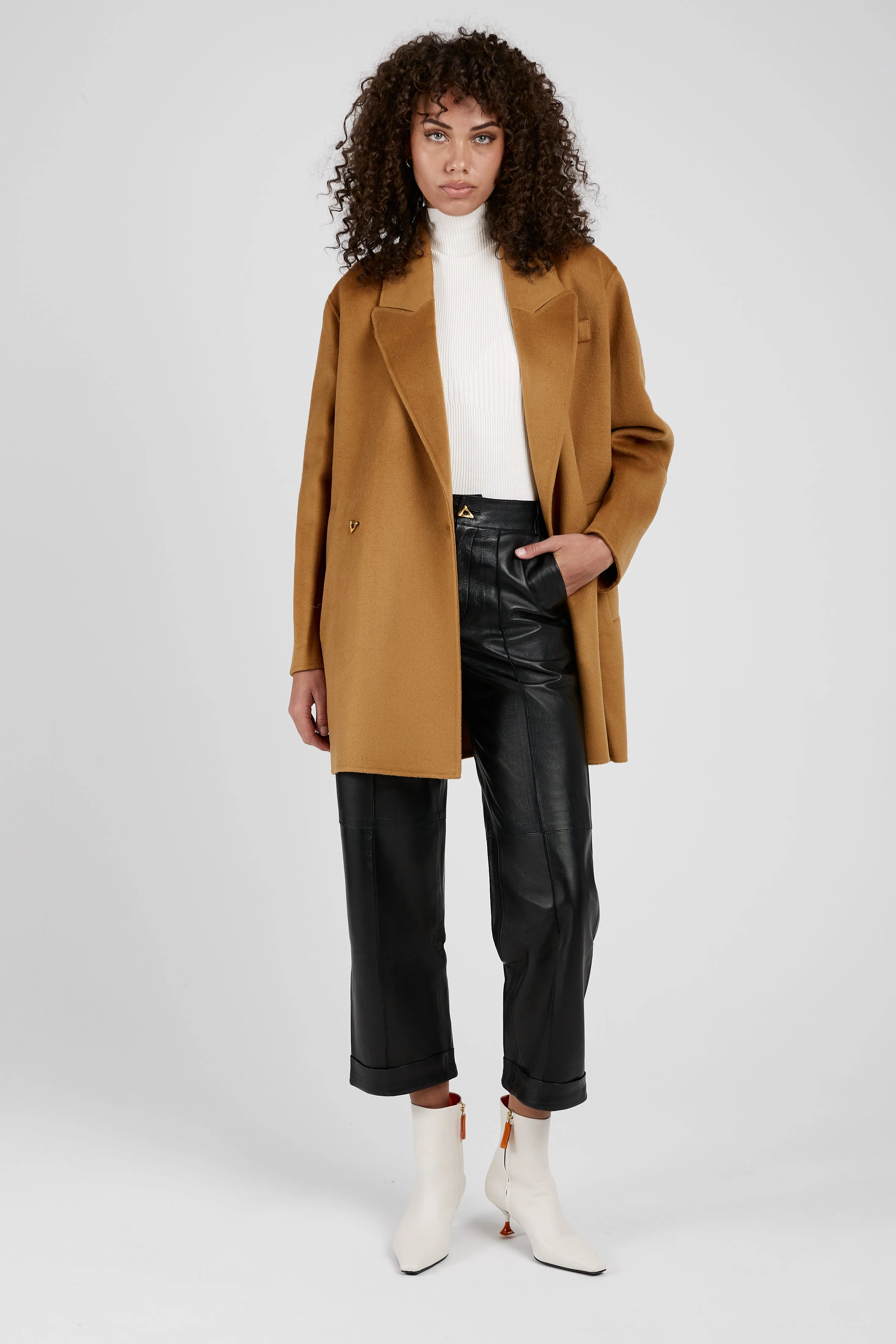 Cavendish Cashmere Wool Coat in Tan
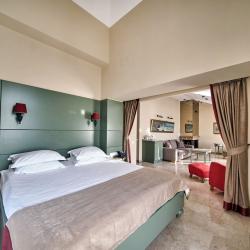 Пентхаус с камином и балконом (с завтраком)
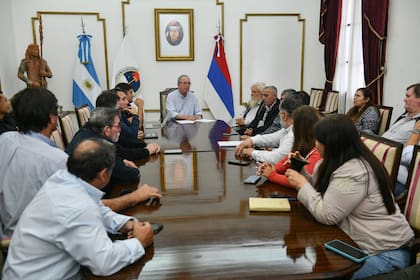 Passalacqua en la Sala de Situación de la Casa de Gobierno, junto a los referentes de los productores y tareferos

Exercise
Your reply should restate the data above word for word and contain no pictures.

Expected answer
 Cavendish Cashmere Wool Coat in Tan
 Пентхаус с камином и балконом (с завтраком)
 Passalacqua en la Sala de Situación de la Casa de Gobierno, junto a los referentes de los productores y tareferos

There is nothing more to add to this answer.